Frente a esta realidad, el recurso fundamental de equilibrio en la Tercera República tiene que ser la confrontación activa, orgánica y sistemática entre el pueblo y el gobierno. No debe temerse la confrontación; ni el término ni el concepto. Al contrario, es solo mediante la consolidación de una heterogénea multiplicidad de canales de presión cívica que se puede lograr un verdadero equilibrio socialista donde la inevitable divergencia de opiniones, visiones y soluciones entre los ciudadanos y aquellos que administran sus riquezas, encuentre una canalización productiva y saludable. Los cánones autoritarios de la etapa revolucionaria que se rompen en la Cuba de hoy rompen con ellos el viejo pacto social tácito que descansaba en la confianza extrema en el líder y en la jefatura del estado.
La confrontación socialista entre pueblo y gobierno está llamada a formar en las nuevas circunstancias el mecanismo esencial de regulación mutua. El nuevo pacto social tendrá además que ser robusto frente a una agresividad imperialista que marca la geopolítica de nuestro contexto, y tendrá el reto mayor de no solo no criminalizar, sino promover y asimilar el disenso social. El mercenarismo deberá entenderse estrictamente sobre la base de sueldo y retribución material que recoge la ley, y el calificativo no podrá ser usado con ligereza e impunidad por parte del gobierno. El disenso y la confrontación convertidos en arma de organización e identificación popular, generarán transparencia y legitimidad, impulsando el desarrollo económico nacional y enfrentando con absoluta limpieza al imperio que amenaza nuestra soberanía.
Asimilar la confrontación será nuestra nueva fortaleza, una mucho más humana, efectiva y revolucionaria que la unanimidad acrítica.

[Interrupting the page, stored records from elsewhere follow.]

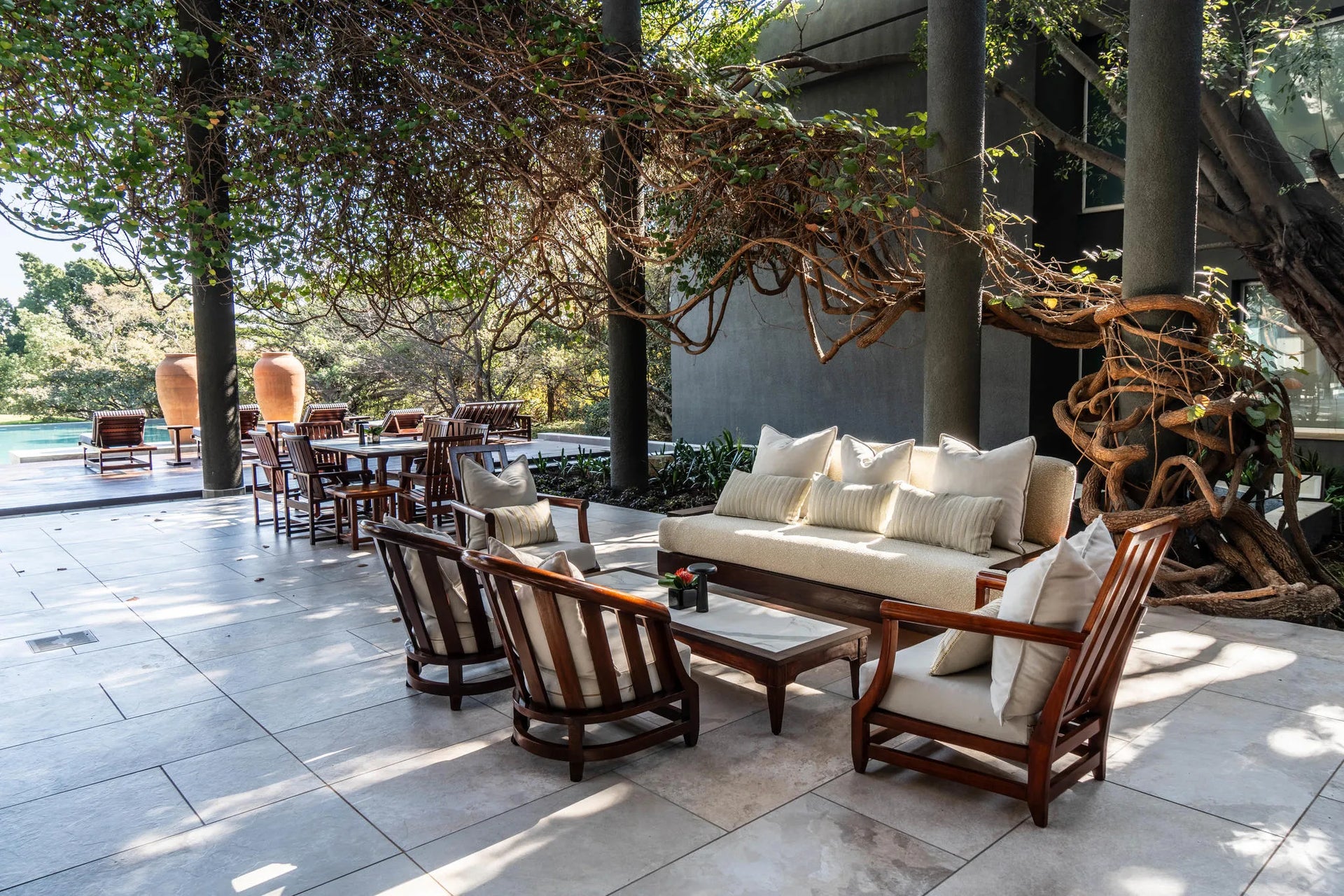 The Terrace at Saxon Hotel Villas & Spa, Johannesburg, South Africa.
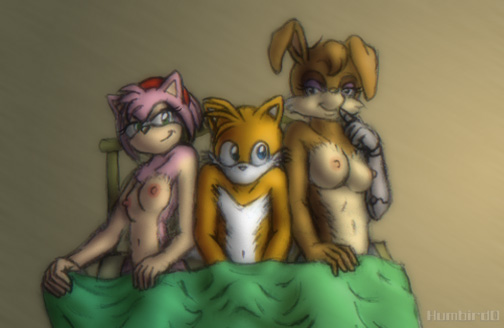 anthro bed breasts bunnie_rabbot canine countershading covering covering_self female fox group group_sex humbird0 male mammal miles_prower nipples sega sex sonic_(series) straight threesome
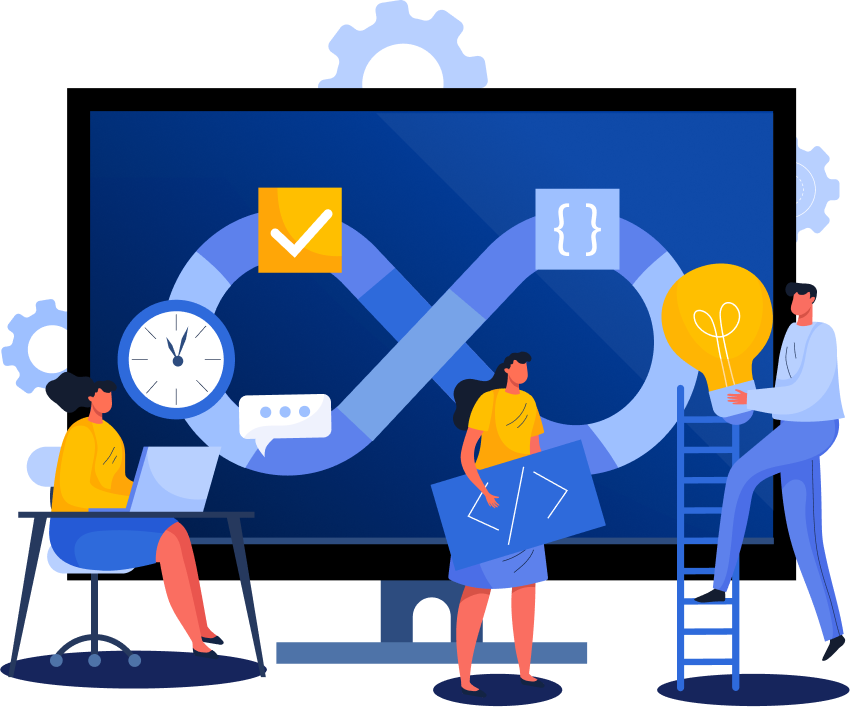 Immagine vettoriale per rappresentare la gestione agile dei progetti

Es hora de entender que en nuestra conciencia colectiva descansa la responsabilidad individual de pensamiento y acción que necesitamos para construir un país donde nuestros hijos envejezcan con dignidad, en el sentido amplio que no sólo es soberanía, salud y educación. La proliferación de vías formales e informales de participación, activismo y rendición de cuentas debe ser un pilar de la república nueva, y debe así blindar el espíritu del nuevo pacto social. Uno donde la persecución de viejos anhelos incumplidos y el rescate de las conquistas laceradas por la crisis de los últimos años conecte armónicamente con las causas sociales de la modernidad. Donde el respeto y la garantía de las libertades individuales, muchas de ellas negadas, racionadas o desconocidas en las repúblicas precedentes, marque el paso de un progreso justo y sostenible.
Debemos preguntarnos cómo influir, cómo presionar, cómo participar con nuestra perspectiva individual en esta transformación que ya está ocurriendo; porque la alternativa es una transformación de arriba hacia abajo, fuera del alcance de un ciudadano desmovilizado, que es obediente por exceso de unidad y desinteresado por falta de protagonismo. Debemos comprender que en este momento el peligro de la apatía, la intolerancia y la obediencia fanática no es simplemente el de retardar el desarrollo económico o la conquista de las libertades individuales, es también posiblemente el de un costoso retroceso de la justicia social cuyo rescate podría tomar generaciones.
De aquella primera vez en que la república no llegó a ser, cuenta Martí que Céspedes, quizá nuestro más sacrificado observador de los marcos de la legalidad constitucional, cuando se le acusaba a menudo de hacer todo lo posible contra muchas leyes de la Cámara respondía así: yo no estoy frente a la Cámara, yo estoy frente a la historia, frente a mi país y frente a mí mismo. No solo Céspedes, todos lo estamos.